The result should be the ( 5,4 times ten to the power of 55 )th part

of a one kilogramm for light weight per cubical metre

*** and *** the size of an average light particle, taken by 'ratio 1' :) ,

might unlikely (?) be the cubical root of 1 per ( 2,916 times 10 to the power of 111 ) metres

' a lenght ' of a cube .

Because of using ' ratio 1 ' to be 1 ( light size ) per ( 1 / light weight ) -

and ratio super emotio ;)-

A size of 1 cubical metre of light ,

it would have the 1 per ( 5,4 times 10 to the power of 55 ) part of a one kilogramm of weight .

Or let's just stay with a one kilogramm of light should measure about

5,4 times 10 to the power of 55 cubical meters ;)-

' Größe zu Gewicht wie ( 5,4 mal 10 hoch 55 ) zu 1 '

' Size per Weight is equal to ( 5,4 times 10 to the power of 55 ) per 1 '

Relations : Ratio '1' , and Ratio 'B' ( 1 per a variable size )

Note 11 ( new ) :

' Number ay caramba , the way I pray to stay ' -

' Die Zahl zur Qual , der Weg der Steg '

The result should be the cubical root of ( 1,6 times ten to the power of 167 )th part

of a one kilogramm for light weight per cubical metre

*** and *** the size of an average light particle, taken by 'ratio 1' :) ,

might unlikely (?) be ' the cubical root of the cubical root ' of

1 per ( 2,479 times 10 to the power of 334 ) ' a lenght ' metres of a cube .

Because of using ' ratio 1 ' to be 1 ( light size ) per ( 1 / light weight ) -

and ratio super emotio ;)-

An interesting thing I found , is that using Moon or Earth weight and their orbiting speed

returns results which are very close to the approach of using the calculation mentioned by Approach 4 .

Calculating with weight of Earth ( ~ partially ) and Sun ( partially, too ) and

density of Moon should result in speed Moon away from Earth.

Use Sun weight in kilogramms , because the Earth and Moon both are attracted by Sun .

Using Earth weight and density of Moon shows , that

our Moon would move about 2,5 m away from Earth during a year .

Calculating with 1 per kgs of Sun results 0,03745 metres a year of Moon leaving Earth orbit ,

which is very close to a current result of measurement .

Using 1 per Earth weight in kgs is an ' ideal sphere experiment ' with Earth and Moon isolated .

The result is regardless of other forces within our solar system or universe

and doesn't take distance and the by going loss of gravitational force into consideration .

To get a clear result you should make use of the variable 'a' ;)-

What I found too , is that ' speed squared ' per mass ( in kg ) of a moving object

might be of a fixed aspect ratio : 1 per ~lightSpeed squared ;

e.g. speed of Moon around Earth 'squared' per its weight should be about 1 per lightSpeed 'squared' ,

works with Sun and Earth also , approximately .

A later idea went me to use orbiting speed to the power of four

per weight what should result the fixed aspect ratio

of something about 1 per ten to the power of 10 .

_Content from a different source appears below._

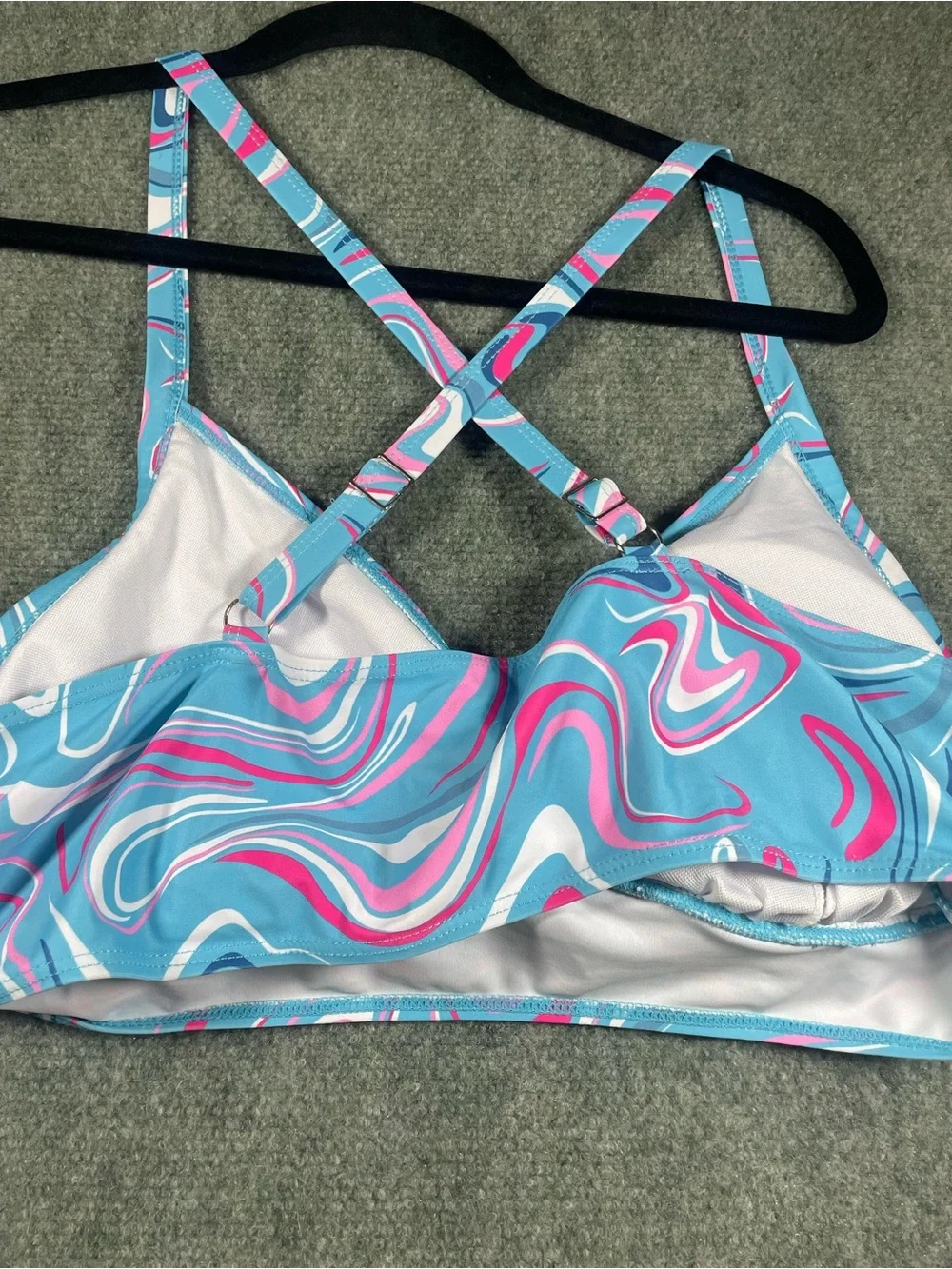 Women's Blue Swirl Print Bikini Set - Pink & White Accents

I have tested on moon , earth and sun , and it seems

to work out without many doubts - or just limited ! ;)

Try using core of milky way , its moving speed within space

to the power of four per its weight .

Using kilogramms and metres per second .

Note :

I have been looking for a good ' all in one formula '

to describe and calculate objects within our universe ,

and some further ideas are in development ...

' Impulse making particles slowing down to the power of two '

In true , it should be the relation of a quarter circle instead of being squared , if so and if ...

And gravitational force should become less by ' a graph of a quarter circle ' , too

A trial to prove Approach 2

Prove 1 ( within the formula )

According to the ratio used by Approach 2 , an object within space

with a weight of 5 kilogramms would require another object

to be of a density of 0,025 kilogramms per cubical metre ,

in order this another object to move away with a speed of

2 metres per second , what results 8 by its cubical value .

Weight is relative , and the 5 kilogramm space object

might to be in relation of earth ( or earth kilogramms )

what would result the calculation

' ( 0,025 kg per 6 times 10 to the power of 24 , earth weight )

times five kilogramms '

to receive the actual weight in relation to earth

of the 0,025 kg per 1 cubical metre object ,

which is the same density

required to

leave earth at a speed of 2 metres per second

using the calculation with earth weight .

This result actually is closer to the density of vacuum

( using an assumed value )

regarding the 5 kg object to be made of compressed density .

And according to Archimedes Law , things just arrange to

same ( average ) density .

The ratio used by Approach 2 returns Weight per Second

( while one Second can be very relative , too ) .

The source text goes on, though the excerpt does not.